But investors sold shares of both companies today. That could stem from worries about the health of the chemical and agricultural industries, the deal’s complexity, and/or regulatory opposition, among other factors.
While worries about the future direction of the U.S. economy are percolating out there, the government reported relatively strong retail sales in November. Headline sales rose 0.2%, while sales excluding autos and gasoline gained 0.5%. That was the biggest rise since July.
The “Warren Buffett of China” has gone missing, and trading in shares of his investment vehicle Fosun International and related companies worth $34 billion have been suspended. Guo Guangchang has spent billions of dollars buying businesses as diverse as Club Med and Cirque du Soleil, plus banks and insurers at home and in the U.S. and Europe. It also owns real estate, including One Chase Manhattan Plaza in New York City.
But he disappeared several days ago, amid rumors of an anti-corruption investigation by Chinese officials. That caused prices of Fosun bonds to plunge, and helped fuel even more worries about the stability and safety of Chinese markets.

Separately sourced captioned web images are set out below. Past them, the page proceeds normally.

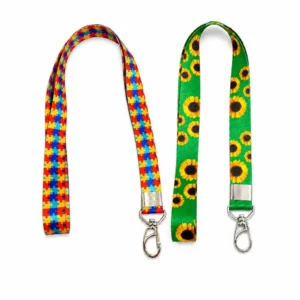 Cordão de Identificação para Crachá - Autismo e Girassol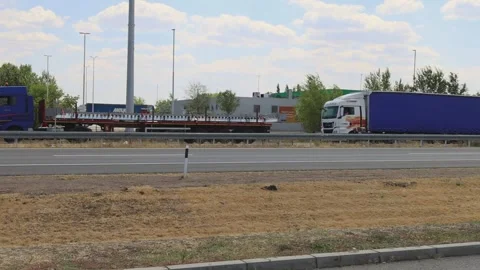 Trucks Queue at Border Video stock 253005328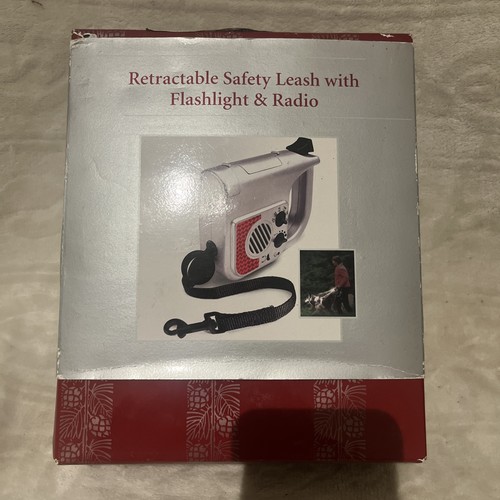 Dog Leash Retractable safety Leash With Flashlight And Radio Brand New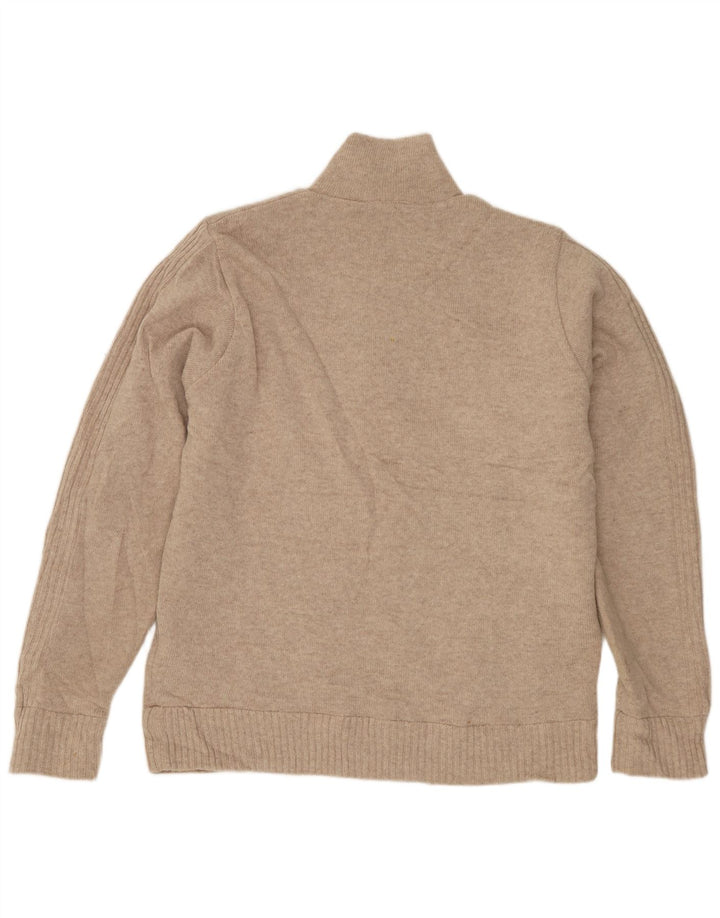 Marks & Spencer Hombre Azul Harbor Zip Neck Jumper Suéter Pequeño Lana Beige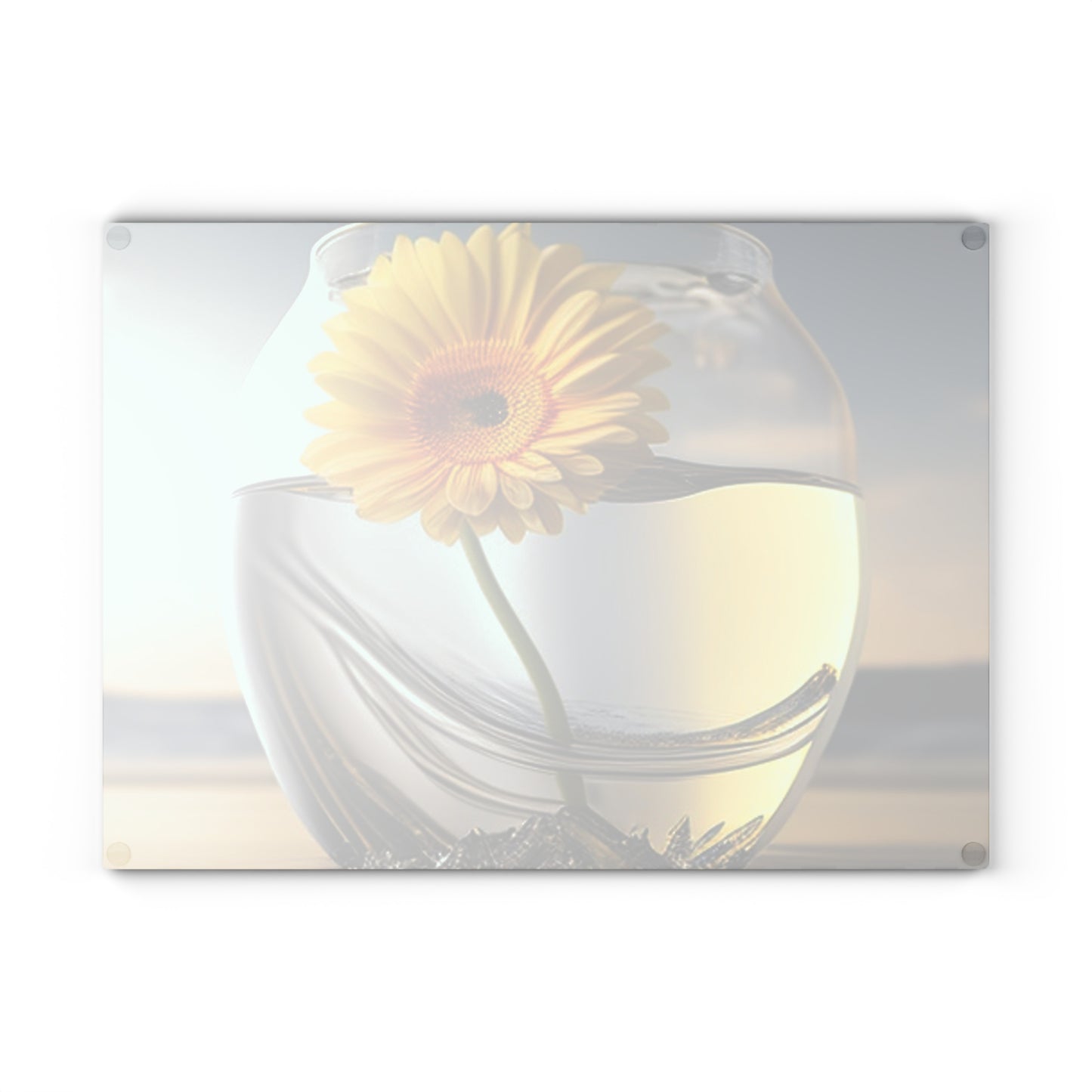 Glass Cutting Board yello Gerbera glass 1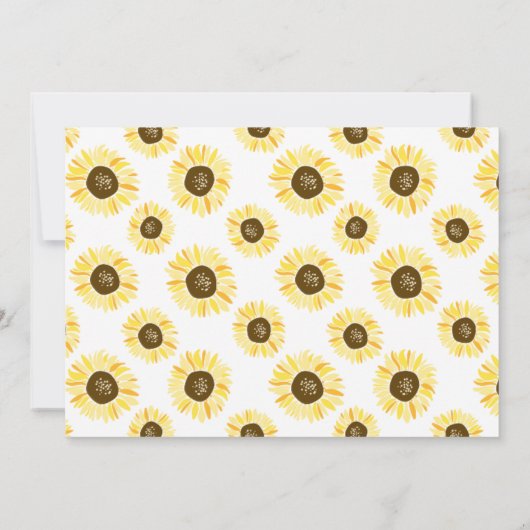 イエローサンフラワーズバースデーパーティー付きメイソンジャー 招待状 (裏面)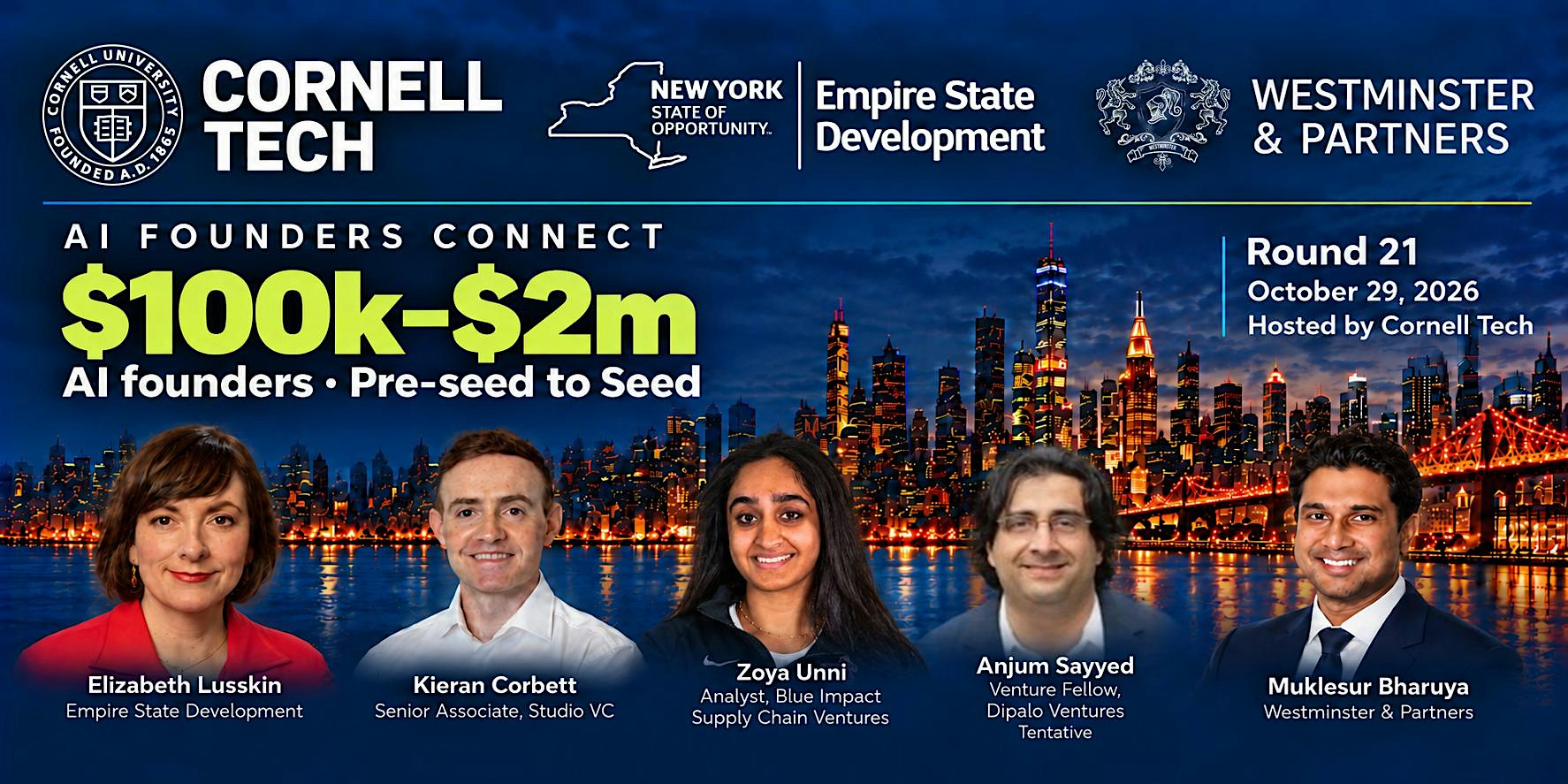 AI Founders Connect Hosted by Cornell Tech - Round 21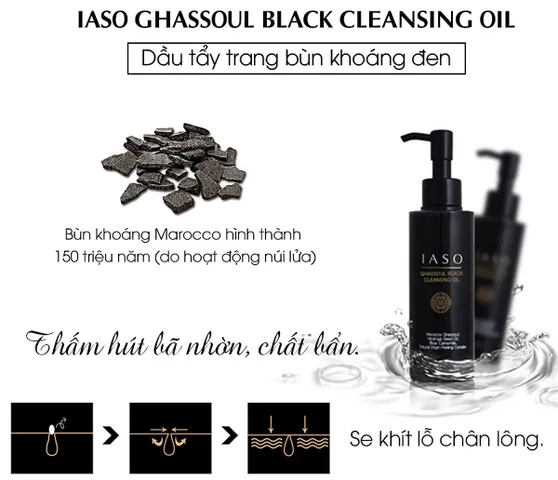 Dầu Tẩy Trang Bùn Khoáng Đen IASO Ghassoul - Làm Sạch Da Ngay Lập Tức, Se Khít Lỗ Chân Lông, Dành Cho Mọi Loại Da 150ml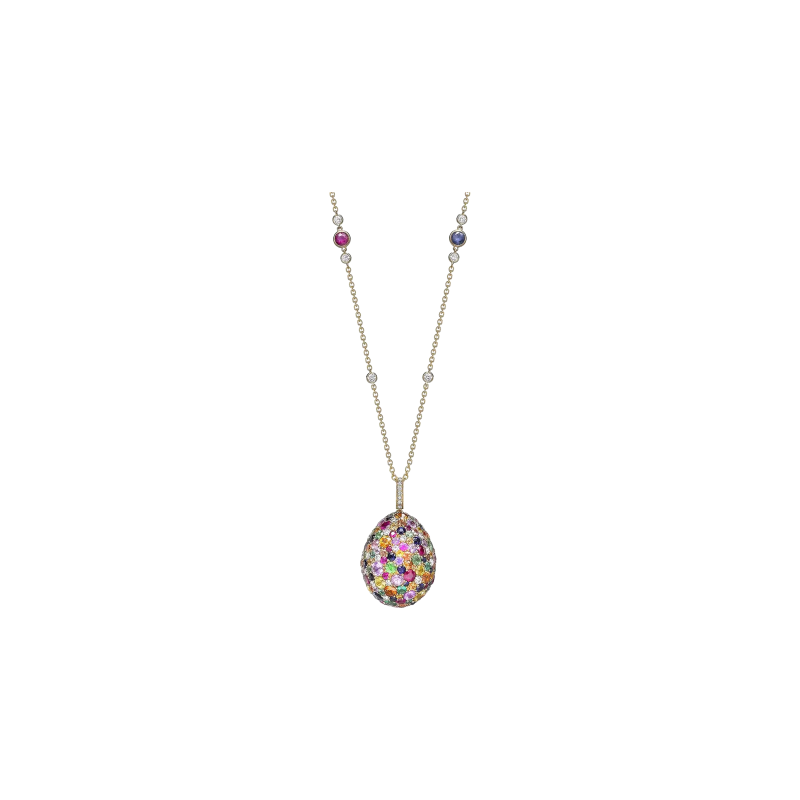 Faberg&eacute; | COLLANA EMOTION CON CIONDOLO A FORMA DI UOVO IN ORO GIALLO DIAMANTI E PIETRE MULTICOLOR - 1009FP1824 (1)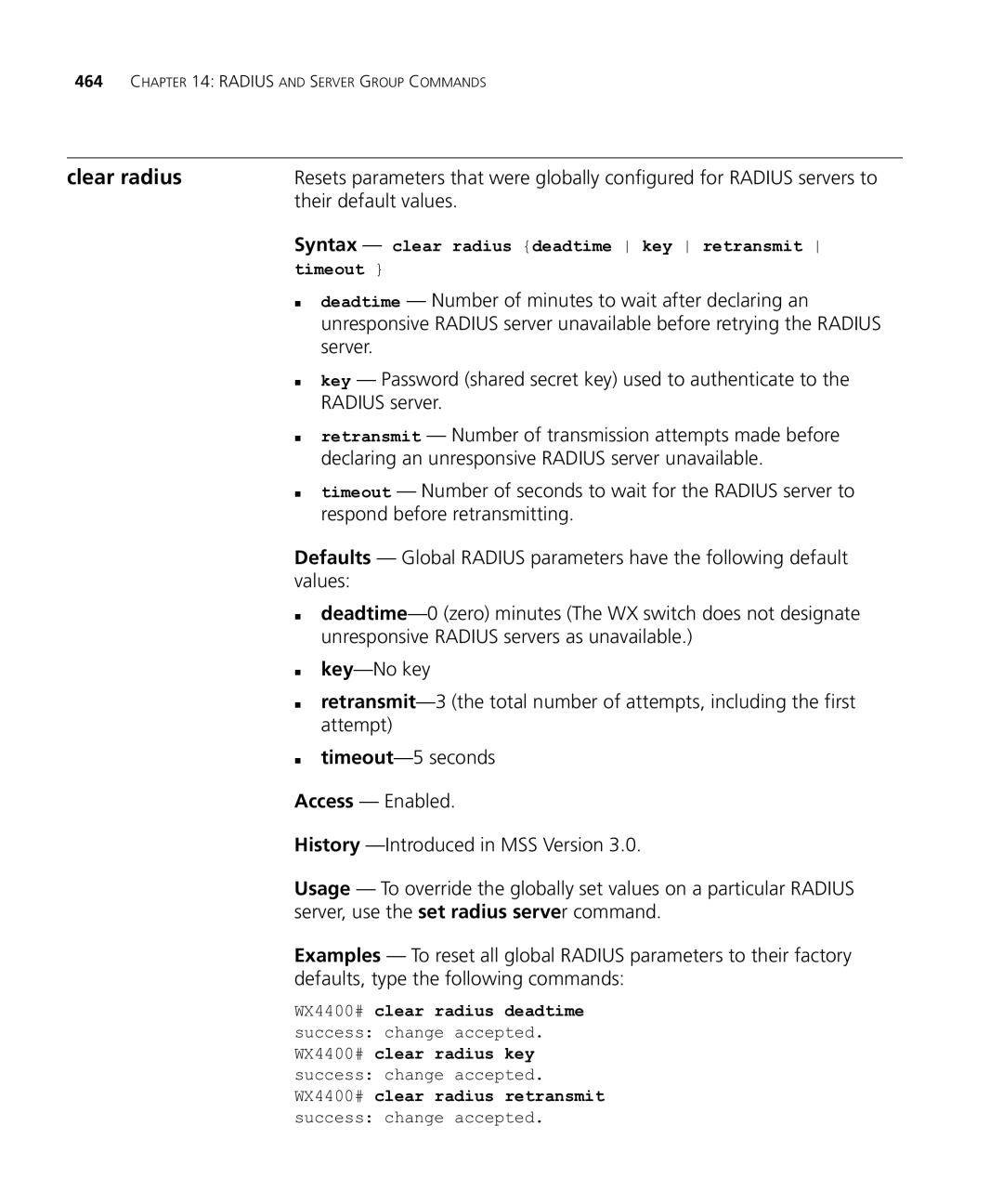 HP Manager Software manual Clear radius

So what additional thoughts do you have about the Dow-DuPont tie-up, now that it’s official? Do you think the strong retail sales data puts to rest fears of a weak holiday shopping season? Or will sales deteriorate going forward? How about the latest news out of China? If you have any comments on these or other topics, be sure to share them below.
Until next time,
Mike Larson
P.S. Are you pondering what you should be doing now to preserve your wealth in a world gone mad?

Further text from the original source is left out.